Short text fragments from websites

[Start of Attachment]

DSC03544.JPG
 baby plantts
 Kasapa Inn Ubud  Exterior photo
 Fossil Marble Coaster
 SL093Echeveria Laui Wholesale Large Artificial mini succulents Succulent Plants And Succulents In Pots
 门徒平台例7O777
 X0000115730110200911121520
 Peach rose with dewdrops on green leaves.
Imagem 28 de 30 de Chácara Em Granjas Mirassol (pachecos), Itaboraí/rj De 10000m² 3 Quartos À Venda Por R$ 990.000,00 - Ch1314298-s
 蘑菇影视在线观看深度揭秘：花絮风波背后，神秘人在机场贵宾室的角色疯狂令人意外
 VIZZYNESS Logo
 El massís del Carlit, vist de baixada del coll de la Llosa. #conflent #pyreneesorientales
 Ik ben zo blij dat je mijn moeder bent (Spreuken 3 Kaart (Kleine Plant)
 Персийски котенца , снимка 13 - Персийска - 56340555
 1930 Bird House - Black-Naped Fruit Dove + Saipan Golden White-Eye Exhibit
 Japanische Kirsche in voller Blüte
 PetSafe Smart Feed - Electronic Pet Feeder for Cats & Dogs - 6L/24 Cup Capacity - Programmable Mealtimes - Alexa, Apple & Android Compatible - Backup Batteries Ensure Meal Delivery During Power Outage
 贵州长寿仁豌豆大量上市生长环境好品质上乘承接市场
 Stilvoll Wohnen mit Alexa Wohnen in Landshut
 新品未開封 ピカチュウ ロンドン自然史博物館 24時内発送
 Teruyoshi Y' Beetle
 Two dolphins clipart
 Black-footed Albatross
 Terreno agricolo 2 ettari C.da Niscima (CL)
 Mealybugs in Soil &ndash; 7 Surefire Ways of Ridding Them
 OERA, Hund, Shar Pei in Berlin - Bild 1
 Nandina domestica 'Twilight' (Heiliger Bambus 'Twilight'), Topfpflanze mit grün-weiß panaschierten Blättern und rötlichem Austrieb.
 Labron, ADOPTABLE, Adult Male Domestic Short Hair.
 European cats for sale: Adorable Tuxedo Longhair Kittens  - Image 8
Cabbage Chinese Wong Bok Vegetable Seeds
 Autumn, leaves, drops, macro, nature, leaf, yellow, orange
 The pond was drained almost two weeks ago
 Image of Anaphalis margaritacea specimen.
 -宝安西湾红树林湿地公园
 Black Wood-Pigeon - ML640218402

[End of Attachment]

▸ **WHAT YOU HAVE TO DO**
Which lines above run from the one containing "Ik ben zo blij" down to the one containing "Japanische Kirsche in voller Blüte"? Repeat exactly those, both ends included, and nothing else.

▸ **EXERCISE SOLUTION**
 Ik ben zo blij dat je mijn moeder bent (Spreuken 3 Kaart (Kleine Plant)
 Персийски котенца , снимка 13 - Персийска - 56340555
 1930 Bird House - Black-Naped Fruit Dove + Saipan Golden White-Eye Exhibit
 Japanische Kirsche in voller Blüte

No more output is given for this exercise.